[Data records Boundary: Start]

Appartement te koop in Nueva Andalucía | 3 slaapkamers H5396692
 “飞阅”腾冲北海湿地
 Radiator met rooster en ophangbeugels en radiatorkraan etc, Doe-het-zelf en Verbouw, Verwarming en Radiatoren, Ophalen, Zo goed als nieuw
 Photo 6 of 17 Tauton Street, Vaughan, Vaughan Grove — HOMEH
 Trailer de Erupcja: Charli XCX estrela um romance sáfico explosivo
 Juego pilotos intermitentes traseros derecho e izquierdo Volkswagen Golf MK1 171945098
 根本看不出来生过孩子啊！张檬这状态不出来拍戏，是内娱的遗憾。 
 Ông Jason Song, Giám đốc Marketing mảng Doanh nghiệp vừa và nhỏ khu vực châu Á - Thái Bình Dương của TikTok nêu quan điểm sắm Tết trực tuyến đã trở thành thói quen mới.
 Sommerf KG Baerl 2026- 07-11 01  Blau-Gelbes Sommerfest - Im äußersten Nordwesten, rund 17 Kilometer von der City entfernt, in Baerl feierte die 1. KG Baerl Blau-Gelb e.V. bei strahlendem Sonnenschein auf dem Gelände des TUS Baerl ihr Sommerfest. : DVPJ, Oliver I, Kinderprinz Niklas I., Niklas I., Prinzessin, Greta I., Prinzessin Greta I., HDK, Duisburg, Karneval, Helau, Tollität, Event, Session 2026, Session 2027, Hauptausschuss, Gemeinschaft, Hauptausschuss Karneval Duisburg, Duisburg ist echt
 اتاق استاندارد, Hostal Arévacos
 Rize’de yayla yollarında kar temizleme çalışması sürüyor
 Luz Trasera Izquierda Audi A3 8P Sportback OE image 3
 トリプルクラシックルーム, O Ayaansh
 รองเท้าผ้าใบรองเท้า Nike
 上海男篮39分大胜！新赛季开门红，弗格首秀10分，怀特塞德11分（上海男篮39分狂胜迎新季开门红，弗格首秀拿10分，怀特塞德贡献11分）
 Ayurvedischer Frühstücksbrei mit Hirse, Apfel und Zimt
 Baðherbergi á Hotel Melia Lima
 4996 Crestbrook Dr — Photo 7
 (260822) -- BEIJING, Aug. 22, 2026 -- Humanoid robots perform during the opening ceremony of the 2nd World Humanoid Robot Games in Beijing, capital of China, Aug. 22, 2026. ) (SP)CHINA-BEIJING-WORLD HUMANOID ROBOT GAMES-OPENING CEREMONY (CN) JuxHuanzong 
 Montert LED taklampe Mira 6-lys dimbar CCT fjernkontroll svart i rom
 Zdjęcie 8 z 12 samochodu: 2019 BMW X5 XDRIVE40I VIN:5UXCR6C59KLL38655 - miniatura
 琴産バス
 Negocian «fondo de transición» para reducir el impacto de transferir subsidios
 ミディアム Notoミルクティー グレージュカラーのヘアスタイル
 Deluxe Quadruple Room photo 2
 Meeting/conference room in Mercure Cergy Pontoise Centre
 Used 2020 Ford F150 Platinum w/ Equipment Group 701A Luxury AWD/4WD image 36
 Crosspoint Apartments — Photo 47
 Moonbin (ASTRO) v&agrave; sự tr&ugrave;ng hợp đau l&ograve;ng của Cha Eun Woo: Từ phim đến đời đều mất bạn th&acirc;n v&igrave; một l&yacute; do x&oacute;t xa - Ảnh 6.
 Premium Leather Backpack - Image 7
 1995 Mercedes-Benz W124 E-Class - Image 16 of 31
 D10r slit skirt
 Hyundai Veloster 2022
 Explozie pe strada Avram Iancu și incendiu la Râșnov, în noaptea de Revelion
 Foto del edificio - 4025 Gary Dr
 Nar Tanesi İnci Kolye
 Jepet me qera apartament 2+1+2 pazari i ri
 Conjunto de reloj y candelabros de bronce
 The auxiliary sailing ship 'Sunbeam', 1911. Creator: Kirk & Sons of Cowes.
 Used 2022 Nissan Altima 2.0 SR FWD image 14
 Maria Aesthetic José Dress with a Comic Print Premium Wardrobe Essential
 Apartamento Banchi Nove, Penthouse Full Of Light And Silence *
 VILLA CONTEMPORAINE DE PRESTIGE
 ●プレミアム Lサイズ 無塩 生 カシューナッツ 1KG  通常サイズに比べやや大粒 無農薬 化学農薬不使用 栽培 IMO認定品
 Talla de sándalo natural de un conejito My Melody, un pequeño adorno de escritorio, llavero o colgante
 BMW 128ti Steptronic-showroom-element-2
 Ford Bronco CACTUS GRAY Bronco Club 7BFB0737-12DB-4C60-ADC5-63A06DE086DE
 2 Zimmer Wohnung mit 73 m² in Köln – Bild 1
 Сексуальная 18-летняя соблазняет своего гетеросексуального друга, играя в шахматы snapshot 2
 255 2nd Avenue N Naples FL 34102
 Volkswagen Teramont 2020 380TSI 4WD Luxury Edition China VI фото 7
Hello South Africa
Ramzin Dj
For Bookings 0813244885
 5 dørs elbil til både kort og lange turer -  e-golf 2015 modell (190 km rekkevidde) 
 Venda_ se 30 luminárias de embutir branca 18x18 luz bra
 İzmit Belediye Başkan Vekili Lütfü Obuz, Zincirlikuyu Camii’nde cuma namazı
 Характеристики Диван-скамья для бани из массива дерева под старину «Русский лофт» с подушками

[Data records Boundary: End]

Work instructions: Copy out each record above exactly, leaving nothing out.

Output for this task:
Appartement te koop in Nueva Andalucía | 3 slaapkamers H5396692
 “飞阅”腾冲北海湿地
 Radiator met rooster en ophangbeugels en radiatorkraan etc, Doe-het-zelf en Verbouw, Verwarming en Radiatoren, Ophalen, Zo goed als nieuw
 Photo 6 of 17 Tauton Street, Vaughan, Vaughan Grove — HOMEH
 Trailer de Erupcja: Charli XCX estrela um romance sáfico explosivo
 Juego pilotos intermitentes traseros derecho e izquierdo Volkswagen Golf MK1 171945098
 根本看不出来生过孩子啊！张檬这状态不出来拍戏，是内娱的遗憾。 
 Ông Jason Song, Giám đốc Marketing mảng Doanh nghiệp vừa và nhỏ khu vực châu Á - Thái Bình Dương của TikTok nêu quan điểm sắm Tết trực tuyến đã trở thành thói quen mới.
 Sommerf KG Baerl 2026- 07-11 01  Blau-Gelbes Sommerfest - Im äußersten Nordwesten, rund 17 Kilometer von der City entfernt, in Baerl feierte die 1. KG Baerl Blau-Gelb e.V. bei strahlendem Sonnenschein auf dem Gelände des TUS Baerl ihr Sommerfest. : DVPJ, Oliver I, Kinderprinz Niklas I., Niklas I., Prinzessin, Greta I., Prinzessin Greta I., HDK, Duisburg, Karneval, Helau, Tollität, Event, Session 2026, Session 2027, Hauptausschuss, Gemeinschaft, Hauptausschuss Karneval Duisburg, Duisburg ist echt
 اتاق استاندارد, Hostal Arévacos
 Rize’de yayla yollarında kar temizleme çalışması sürüyor
 Luz Trasera Izquierda Audi A3 8P Sportback OE image 3
 トリプルクラシックルーム, O Ayaansh
 รองเท้าผ้าใบรองเท้า Nike
 上海男篮39分大胜！新赛季开门红，弗格首秀10分，怀特塞德11分（上海男篮39分狂胜迎新季开门红，弗格首秀拿10分，怀特塞德贡献11分）
 Ayurvedischer Frühstücksbrei mit Hirse, Apfel und Zimt
 Baðherbergi á Hotel Melia Lima
 4996 Crestbrook Dr — Photo 7
 (260822) -- BEIJING, Aug. 22, 2026 -- Humanoid robots perform during the opening ceremony of the 2nd World Humanoid Robot Games in Beijing, capital of China, Aug. 22, 2026. ) (SP)CHINA-BEIJING-WORLD HUMANOID ROBOT GAMES-OPENING CEREMONY (CN) JuxHuanzong 
 Montert LED taklampe Mira 6-lys dimbar CCT fjernkontroll svart i rom
 Zdjęcie 8 z 12 samochodu: 2019 BMW X5 XDRIVE40I VIN:5UXCR6C59KLL38655 - miniatura
 琴産バス
 Negocian «fondo de transición» para reducir el impacto de transferir subsidios
 ミディアム Notoミルクティー グレージュカラーのヘアスタイル
 Deluxe Quadruple Room photo 2
 Meeting/conference room in Mercure Cergy Pontoise Centre
 Used 2020 Ford F150 Platinum w/ Equipment Group 701A Luxury AWD/4WD image 36
 Crosspoint Apartments — Photo 47
 Moonbin (ASTRO) v&agrave; sự tr&ugrave;ng hợp đau l&ograve;ng của Cha Eun Woo: Từ phim đến đời đều mất bạn th&acirc;n v&igrave; một l&yacute; do x&oacute;t xa - Ảnh 6.
 Premium Leather Backpack - Image 7
 1995 Mercedes-Benz W124 E-Class - Image 16 of 31
 D10r slit skirt
 Hyundai Veloster 2022
 Explozie pe strada Avram Iancu și incendiu la Râșnov, în noaptea de Revelion
 Foto del edificio - 4025 Gary Dr
 Nar Tanesi İnci Kolye
 Jepet me qera apartament 2+1+2 pazari i ri
 Conjunto de reloj y candelabros de bronce
 The auxiliary sailing ship 'Sunbeam', 1911. Creator: Kirk & Sons of Cowes.
 Used 2022 Nissan Altima 2.0 SR FWD image 14
 Maria Aesthetic José Dress with a Comic Print Premium Wardrobe Essential
 Apartamento Banchi Nove, Penthouse Full Of Light And Silence *
 VILLA CONTEMPORAINE DE PRESTIGE
 ●プレミアム Lサイズ 無塩 生 カシューナッツ 1KG  通常サイズに比べやや大粒 無農薬 化学農薬不使用 栽培 IMO認定品
 Talla de sándalo natural de un conejito My Melody, un pequeño adorno de escritorio, llavero o colgante
 BMW 128ti Steptronic-showroom-element-2
 Ford Bronco CACTUS GRAY Bronco Club 7BFB0737-12DB-4C60-ADC5-63A06DE086DE
 2 Zimmer Wohnung mit 73 m² in Köln – Bild 1
 Сексуальная 18-летняя соблазняет своего гетеросексуального друга, играя в шахматы snapshot 2
 255 2nd Avenue N Naples FL 34102
 Volkswagen Teramont 2020 380TSI 4WD Luxury Edition China VI фото 7
Hello South Africa
Ramzin Dj
For Bookings 0813244885
 5 dørs elbil til både kort og lange turer -  e-golf 2015 modell (190 km rekkevidde) 
 Venda_ se 30 luminárias de embutir branca 18x18 luz bra
 İzmit Belediye Başkan Vekili Lütfü Obuz, Zincirlikuyu Camii’nde cuma namazı
 Характеристики Диван-скамья для бани из массива дерева под старину «Русский лофт» с подушками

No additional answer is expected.